Goal of the exercise
The text of every record, exactly as given and with no pictures, should be your output.

Web page caption snippets
• • •

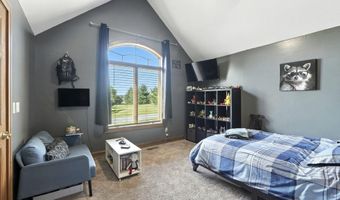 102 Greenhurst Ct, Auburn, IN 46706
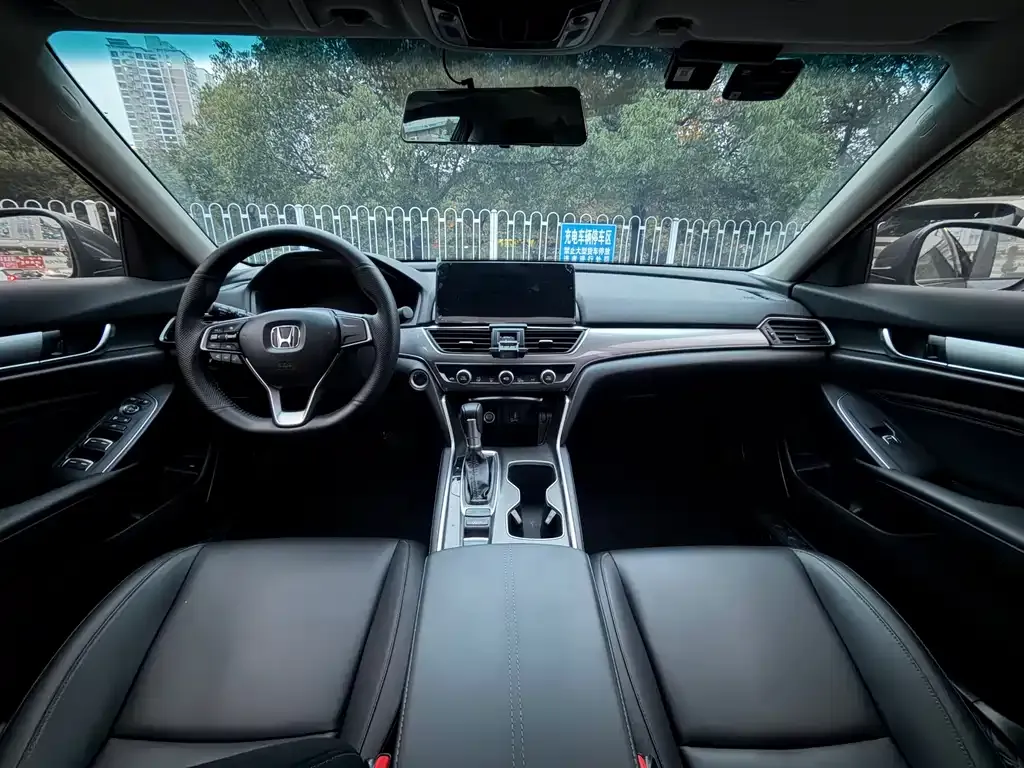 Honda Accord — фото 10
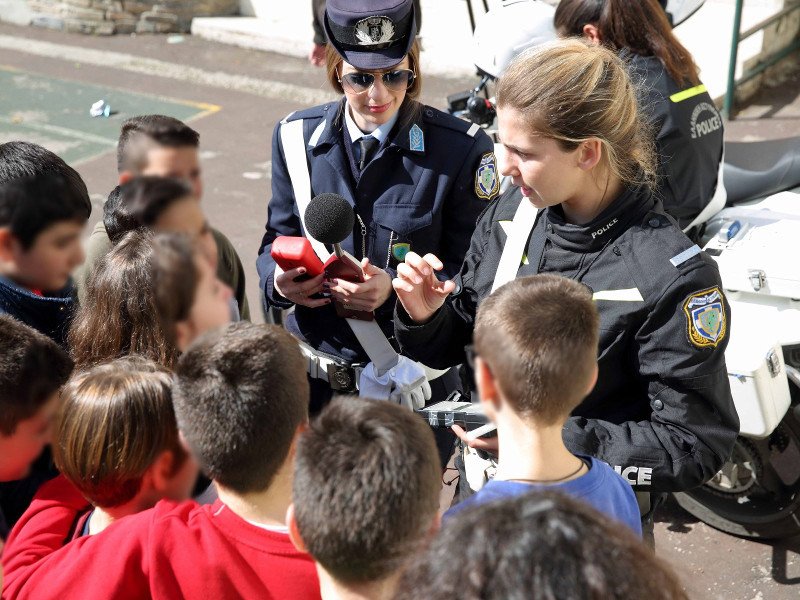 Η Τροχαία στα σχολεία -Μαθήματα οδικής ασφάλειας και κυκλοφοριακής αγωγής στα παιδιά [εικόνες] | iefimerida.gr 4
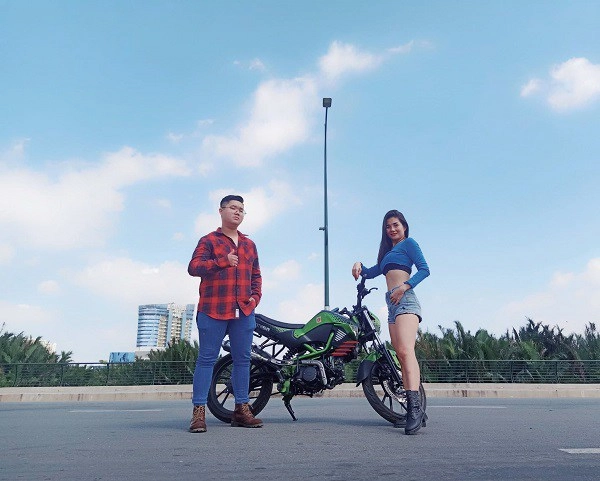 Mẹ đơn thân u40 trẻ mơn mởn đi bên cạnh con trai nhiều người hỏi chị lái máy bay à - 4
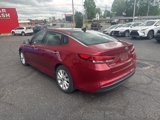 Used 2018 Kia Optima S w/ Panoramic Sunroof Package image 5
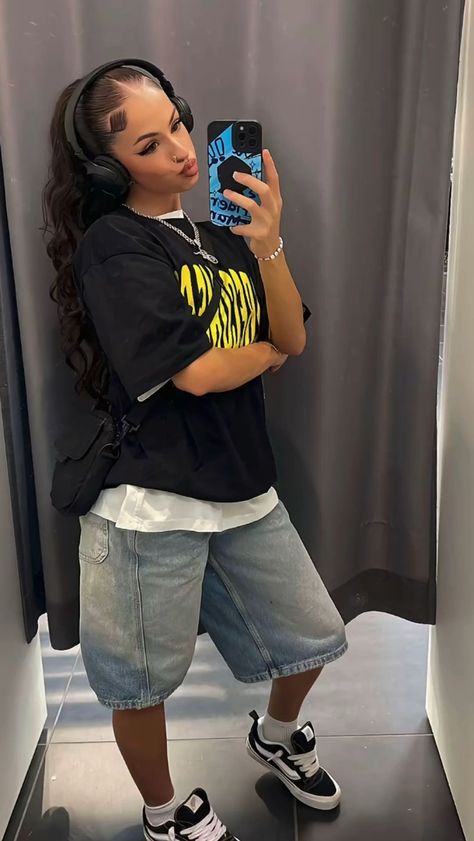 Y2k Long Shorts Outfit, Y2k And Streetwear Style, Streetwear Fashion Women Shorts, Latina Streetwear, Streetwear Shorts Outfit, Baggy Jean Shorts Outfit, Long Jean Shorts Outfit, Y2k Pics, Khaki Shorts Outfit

• • •

Result for this task
 102 Greenhurst Ct, Auburn, IN 46706
 Honda Accord — фото 10
 Η Τροχαία στα σχολεία -Μαθήματα οδικής ασφάλειας και κυκλοφοριακής αγωγής στα παιδιά [εικόνες] | iefimerida.gr 4
 Mẹ đơn thân u40 trẻ mơn mởn đi bên cạnh con trai nhiều người hỏi chị lái máy bay à - 4
 Used 2018 Kia Optima S w/ Panoramic Sunroof Package image 5
 Y2k Long Shorts Outfit, Y2k And Streetwear Style, Streetwear Fashion Women Shorts, Latina Streetwear, Streetwear Shorts Outfit, Baggy Jean Shorts Outfit, Long Jean Shorts Outfit, Y2k Pics, Khaki Shorts Outfit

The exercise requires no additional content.